TOWNSEND, Tenn. — Appalachian Bear Rescue shows off their grounds for one day and one day only once a year; however, the only kind of bear at ABR right now is the fuzzy stuffed animal kind.
Normally, the rescue in Blount County takes in and rehabs orphaned or injured bear cubs who need help, and then they release them back into the wild.
For the past few years, a handful of people come to get an up close and personal look at the facility minus the bear cubs because of a TWRA permit agreement.
The tours are a pretty big deal to people who follow the rehabilitated bear cubs on Facebook intently, according to Assistant Curator David Whitehead.
"We have people who follow us daily and people who can't wait to see what each bear is doing each day," Whitehead explained.
The tour revealed the nonprofit has come a long way since it was founded two decades ago.
"Since its early days in '96, when we just had two enclosures, we started out with barely having enough money to feed the bears," Whithead admitted.

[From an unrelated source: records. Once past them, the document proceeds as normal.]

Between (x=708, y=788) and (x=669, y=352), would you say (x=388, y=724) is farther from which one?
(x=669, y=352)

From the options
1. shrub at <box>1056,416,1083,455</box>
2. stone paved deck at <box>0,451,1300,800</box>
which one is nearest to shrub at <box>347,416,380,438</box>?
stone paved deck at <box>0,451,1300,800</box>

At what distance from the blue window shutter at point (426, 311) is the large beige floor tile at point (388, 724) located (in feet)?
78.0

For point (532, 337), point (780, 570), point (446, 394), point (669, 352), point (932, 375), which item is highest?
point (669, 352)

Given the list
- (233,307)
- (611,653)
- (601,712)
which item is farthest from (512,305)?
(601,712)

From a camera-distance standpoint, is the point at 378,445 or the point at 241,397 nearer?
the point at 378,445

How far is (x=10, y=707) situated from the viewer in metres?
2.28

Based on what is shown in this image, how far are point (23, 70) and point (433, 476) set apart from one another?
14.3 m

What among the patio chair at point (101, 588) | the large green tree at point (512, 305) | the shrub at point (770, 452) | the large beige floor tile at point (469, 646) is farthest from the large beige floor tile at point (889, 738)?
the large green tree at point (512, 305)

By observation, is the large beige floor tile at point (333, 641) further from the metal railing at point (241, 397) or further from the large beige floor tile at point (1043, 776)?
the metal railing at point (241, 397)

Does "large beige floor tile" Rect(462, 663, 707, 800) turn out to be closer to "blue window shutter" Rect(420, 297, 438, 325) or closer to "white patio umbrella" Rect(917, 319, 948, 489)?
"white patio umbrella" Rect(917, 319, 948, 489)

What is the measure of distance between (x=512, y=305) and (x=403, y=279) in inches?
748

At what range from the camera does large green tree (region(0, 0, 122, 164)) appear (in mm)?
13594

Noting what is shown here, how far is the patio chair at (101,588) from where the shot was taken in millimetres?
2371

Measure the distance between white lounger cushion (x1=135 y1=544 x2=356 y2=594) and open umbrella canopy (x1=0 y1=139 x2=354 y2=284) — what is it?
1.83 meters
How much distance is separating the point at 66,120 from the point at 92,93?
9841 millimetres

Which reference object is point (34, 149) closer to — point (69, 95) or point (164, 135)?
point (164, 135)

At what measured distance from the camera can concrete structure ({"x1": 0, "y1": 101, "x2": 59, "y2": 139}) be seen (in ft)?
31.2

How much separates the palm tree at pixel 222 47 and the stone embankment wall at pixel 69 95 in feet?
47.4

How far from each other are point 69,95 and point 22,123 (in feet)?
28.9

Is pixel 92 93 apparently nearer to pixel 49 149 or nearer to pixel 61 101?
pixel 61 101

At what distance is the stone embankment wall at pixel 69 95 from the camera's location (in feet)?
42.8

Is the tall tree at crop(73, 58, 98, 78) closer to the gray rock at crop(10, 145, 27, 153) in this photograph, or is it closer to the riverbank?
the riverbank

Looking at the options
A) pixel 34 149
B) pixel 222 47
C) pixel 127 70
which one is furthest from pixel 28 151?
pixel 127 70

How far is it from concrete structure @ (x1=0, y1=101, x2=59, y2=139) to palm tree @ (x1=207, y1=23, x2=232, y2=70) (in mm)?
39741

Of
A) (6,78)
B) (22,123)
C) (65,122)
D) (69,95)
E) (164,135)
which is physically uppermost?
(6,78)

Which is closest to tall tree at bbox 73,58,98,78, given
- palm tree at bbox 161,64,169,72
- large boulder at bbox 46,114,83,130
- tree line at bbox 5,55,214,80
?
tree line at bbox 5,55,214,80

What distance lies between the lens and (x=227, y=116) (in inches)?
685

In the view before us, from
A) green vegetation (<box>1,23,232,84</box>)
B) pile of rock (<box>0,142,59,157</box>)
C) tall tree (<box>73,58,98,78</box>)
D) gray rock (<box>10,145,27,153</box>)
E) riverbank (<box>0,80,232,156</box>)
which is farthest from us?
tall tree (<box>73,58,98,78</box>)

They've gone from barely scraping by to now having four enclosures, working to establish a fifth, and are planning to break ground on some new cub houses very soon.
"We have found that the cub house we have, once the bear enters the cub house, we're really able to keep a hands-off approach and feed from a distance so the bear doesn't really see us feed it," Whitehead detailed.
The rehabilitation center focuses on making the transition to the wild easier for the bear cubs and yearlings.
That hands- off approach was enforced in the last year too, when a grant from Lush Cosmetics helped them install cameras in the enclosures
'It's helped us a lot in tracking what they do during the day and how they utilize the enclosures but also just keeping track of them and making sure they're okay,' Whitehead explained.
ABR may not have cubs right now, but they could get a call at any minute to rescue one in need.
If you want to check the place out, you'll have to bear with them. They don't start tours again until next year.